Dans une telle activité où le moindre grain de sable peut venir perturber un rythme bien rodé, la gestion des flux des pièces détachées s’avère un exercice de haute volée. C’est donc dans la logique d’une meilleure fiabilité et d’une plus grande réactivité qu’a été réorganisée la logistique du site. Toute la gestion est désormais automatisée. C’est dans un transstockeur, une immense tour de 25 mètres de haut, que sont stockées toutes les références. Et des butlers – robots motorisés capables de soulever une tonne sur une hauteur de 10 cm – se déplacent partout dans la zone, suivant un ballet bien orchestré, transportant des caisses pleines, d’autres vides.

À voir aussi en diaporama sonore
Stellantis - Ligne de montage Sochaux

La zone de 60 000 m2, qui reçoit 250 à 300 camions de livraison chaque jour, compte plus de 45 000 colis. « Ce système nous apporte une grande flexibilité, et une sérénité absolue même si la journée ne se passe pas du tout comme prévu, se félicite Julien Monclin, directeur de la logistique. Auparavant, lorsqu’il y avait un imprévu – ce qui est le cas plusieurs fois par jour – et qu’il fallait réagir en urgence aux besoins du montage, c’était du stress permanent, beaucoup de manutentions supplémentaires. Désormais, une palette peut être sortie en 6 minutes du transstockeur. » Si cette organisation a réduit le nombre de caristes, elle a créé de nouveaux métiers, comme celui de conducteur du transstockeur. Ces innovations et investissements, qui pérennisent l’outil de production sochalien pour plusieurs décennies, devraient être suivis d'autres aménagements, tels qu’un nouvel atelier ferrage ou encore une nouvelle ligne de peinture. Avec, là aussi, une attention toute particulière aux conditions de travail aux différents postes.
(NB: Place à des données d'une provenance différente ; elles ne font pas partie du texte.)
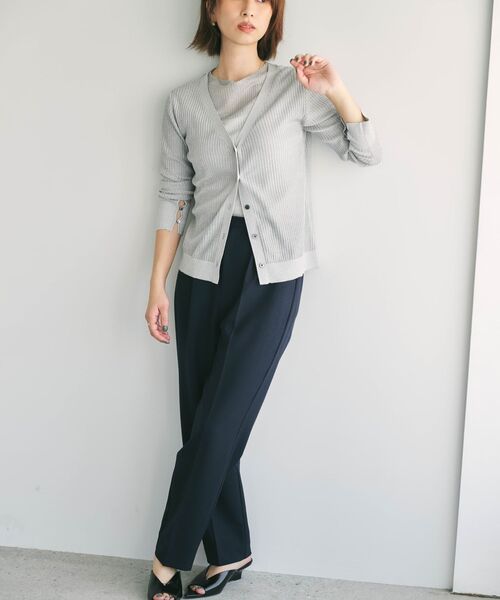STRATA(エストラータ)の「ナローベルトタックテーパードパンツ 【低身長・小柄女性】(その他パンツ・レディース・ベージュ/ネイビー/ブラウン・XS/S)」の14枚目の写真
UNE POLITIQUE NOUVEAUX EMBAUCHÉS

Tout nouvel entrant dans l’entreprise (CDI, CDD, intérimaires) fait l’objet d’un accueil de deux semaines, quelle que soit la durée de son contrat. Il existe ainsi une école de formation en interne. Elle reçoit également le personnel de ligne en cours de réorientation. En 2022, 1 500 personnes sont formées, soit une quarantaine de personnes par semaine. « On travaille sur l’accueil au sens large, on aborde tous les sujets en lien avec la vie de l’entreprise, le métier, et ça inclut aussi une partie sécurité au travail, explique Elsa Pattarozzi. On aborde notamment l’ergonomie (comment bien se positionner au poste de travail) ou le réveil musculaire. » Il y a également une zone S Box, où sont traités trois sujets en lien avec la sécurité au travail : prévention des risques, réagir face au danger, savoir identifier les risques.